Yea, whosoever will thrust in his sickle and reap, the same is called of God."


I knew that I was being called of God to thrust in my sickle and reap, but I did not fully understand what that meant, even though I wanted to. I felt, however, that the meaning of the words would become clear as to what it meant for me to thrust in my sickle and reap.


"Therefore, if you will ask of me you shall receive; if you will knock it shall be opened unto you."


At this point it was clear that He was speaking to me, and as I was caught up in the spirit, I could not help but hear His voice in His words.


"Now, as you have asked, behold, I say unto you, keep my commandments, and seek to bring forth and establish the cause of Zion."


I was not mindful of asking, but perhaps my wondering what I was to do going forward, was the reason for being directed to these verses. He asked me to keep His commandments and seek to bring forth and establish the cause of Zion. It would take me years to fully comprehend and be prepared to do what I was being asked to do. I had thought that his commandments were the outward things I had been doing, and did not realize at that time that He had 'another or second' set of commandments (Alma 12:37; Moses 6:56) that he was speaking of, and in addition He was commanding me to do what He was asking of me in these verses. And Zion? I did not know much about Zion and the cause of Zion. However, it became clearer as I continued to listen.


"Seek not for riches but for wisdom; and behold, the mysteries of God shall be unfolded unto you, and then shall you be made rich. Behold he that hath eternal life is rich."


The spirit was now more discernable and I could not turn away from what I was hearing and feeling. I could feel the warmth of the light and His spirit in the words and I was excited, but also a little fearful to hear more.


"Verily, verily, I say unto you, even as you desire of me so it shall be done unto you; and, if you desire, you shall be the means of doing much good in this generation."


As I look back on this verse I have come to realize that the next words I heard were a link to what He means by 'doing much good in this generation.'


"Say nothing but repentance unto this generation.
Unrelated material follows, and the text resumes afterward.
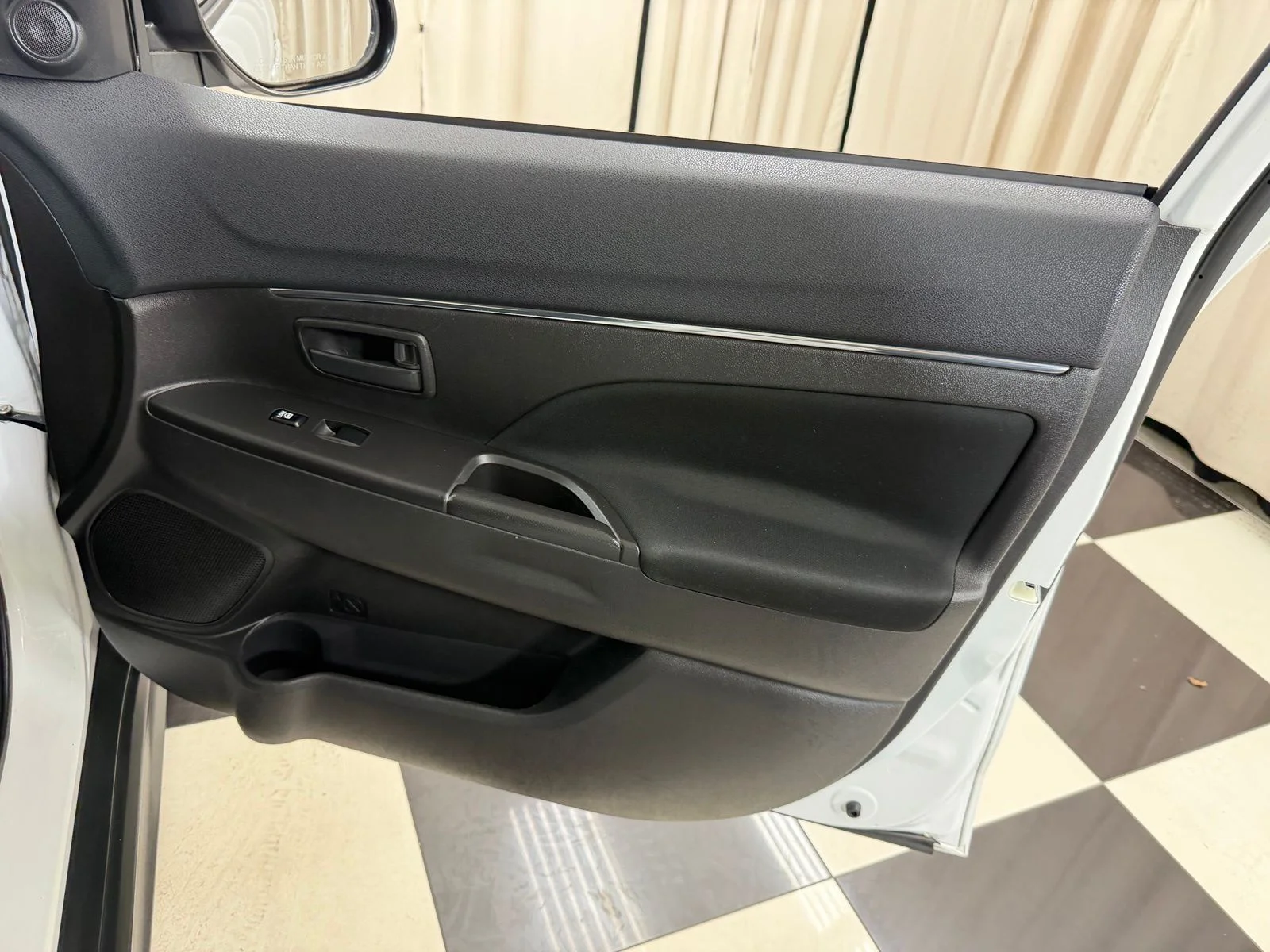 Used 2015  Mitsubishi ES image 25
Keep my commandments, and assist to bring forth my work, according to my commandments, and you shall be blessed."


The specific call to say nothing but repentance meant that I needed to learn what He meant by repentance, not what I had assumed it meant. I was impressed that it would mainly be to members of the church to whom I would say nothing but repentance. At the time of this revelation to me, I did not know all that the call entailed, and the experience was so powerful that I did not stop to ask. I knew that He would tell me. The next words were so overwhelming that they left an impression upon my mind, heart and intellect, and I knew I was receiving this in the spirit of revelation.


"Behold, thou has a gift, or thou shall have a gift if thou wilt desire of me in faith, with an honest heart, believing in the power of Jesus Christ, or in my power which speaketh unto thee; For behold, it is I that speak; behold, I am the light which shineth in darkness, and by my power I give these words unto thee."


What wonder! He was speaking directly to me! It was His voice I was hearing! And the calling was getting more specific, but there were admonitions to ensure that I did not take this lightly.


"And now, verily, verily, I say unto thee, put your trust in that Spirit which leadeth to do good--yea, to do justly, to walk humbly, to judge righteously; and this is my Spirit."


Which I was experiencing at that moment! He then promised me the fruits of this Spirit, and at the same time admonished me to put my faith in Him.


"Verily, verily, I say unto you, I will impart unto you of my Spirit, which shall enlighten your mind, which shall fill your soul with joy; and then shall ye know all things whatsoever you desire of me, which are pertaining unto things of righteousness, in faith believing in me that you shall receive."


By this time I was overcome with His spirit, but could see clearly that I would be experiencing the joy of Him teaching me directly. It was then that He told me the tools I would need in order to do this work and how I was to use the tools.


"Behold, I command you that you need not suppose that you are called to preach until you are called. Wait a little longer, until you shall have my word, my rock, my church, and my gospel, that you may know of a surety my doctrine. And then, behold, according to your desires, yea, even according to your faith shall it be done unto you."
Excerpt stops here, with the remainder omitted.